Andrew Donnelly and his business partner Kim Hanson are being sued by Vantage for the alleged misappropriation of more than $5.1 million.
Reliance Franchise Partners’ David Wyner says the news is a disappointing distraction from what was otherwise a winning outcome.
“It is concerning that the alleged acts of just two individuals, who were in fact the founders of the Reliance Group, have brought our brand into the mainstream news for all of the wrong reasons,” Wyner says.
“The fact is that Reliance Franchise Partners is taking Supreme Court action against these individuals to account for their alleged actions, as we consider ourselves victims in this matter.”
“Thanks to the quick action of the Chairman of Vantage Holdings Group, once the alleged misuse of funds was uncovered and verified, immediate steps were taken to ensure all clients were protected and that all premiums paid by clients are remitted to insurers,” Wyner adds.
“It is disappointing to have the extremely good news regarding the upcoming PSC purchase overshadowed by the news reported today.”

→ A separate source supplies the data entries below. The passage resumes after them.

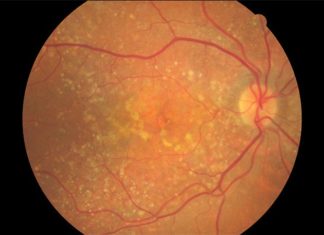 Calcified nodules in the retina are associated with progression to late stages of age-related macular degeneration (AMD)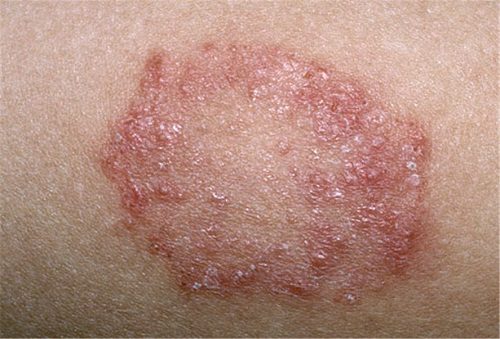 Tổng quan về bệnh hắc lào gây khó chịu cho người bệnh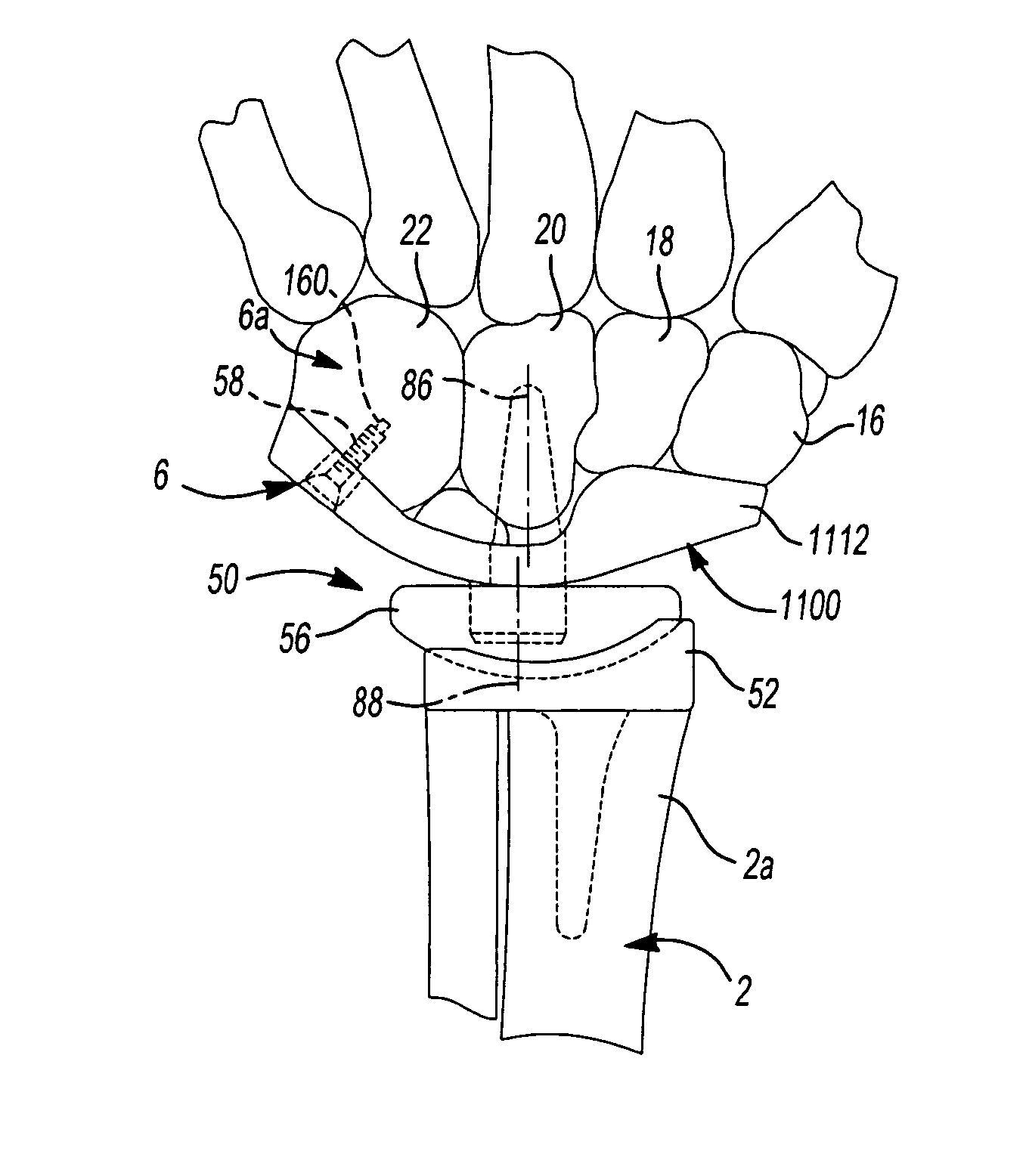 Method and apparatus for wrist arthroplasty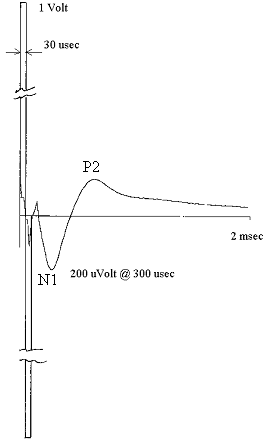 Figure 41. Potentiel d’action composite électrique (ECAP)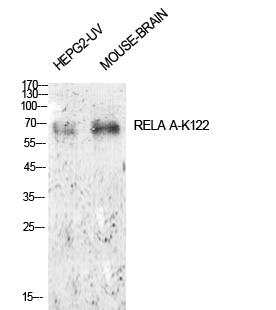 Fig.1. Western Blot analysis of HepG2-UV, mouse brain cells using Acetyl-NFκB-p65 (K122) Polyclonal Antibody. Antibody was diluted at 1:1000. Secondary Antibody  was diluted at 1:20000.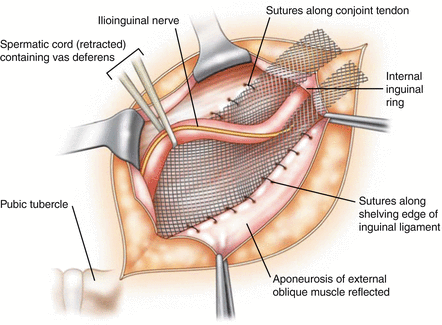 Inguinal Hernia Repair – GBMC Jordan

Wyner says that although the alleged misappropriation is a bad example for broking, he is pleased to know that his client base will not be affected.
“From my role as NIBA Director, I think this is a sad day in the world of insurance broking where trusted individuals allegedly do the wrong thing and risk bringing the industry into disrepute,” he says.
“However, it is comforting to know that, no matter what transpires, our clients are always protected and that our promise to them is always fulfilled.”
Following the acquisition, Wyner will be appointed CEO of Reliance Franchice Partners, PSC Director John Dwyer will be appointed CEO of the broader Reliance Group and Dougald Elmer will be appointed CFO.
Wyner says that with PSC now involved, the network is looking to grow significantly within the next year.
“The Reliance Franchise Partners model is unique in Australia and is essentially based on bringing the insurance broker back into the community as a respected, experienced and well-regarded commercial entity,” Wyner says.
“The key to our success is not through micro-managing our investments, but by truly partnering with our brokers to enable them to grow their businesses without the worry of having to perform work that is non-income generating.”
“With the involvement of PSC, we now have firm plans for expansion and expect to see the network grow significantly over the next 12 months,” Wyner adds.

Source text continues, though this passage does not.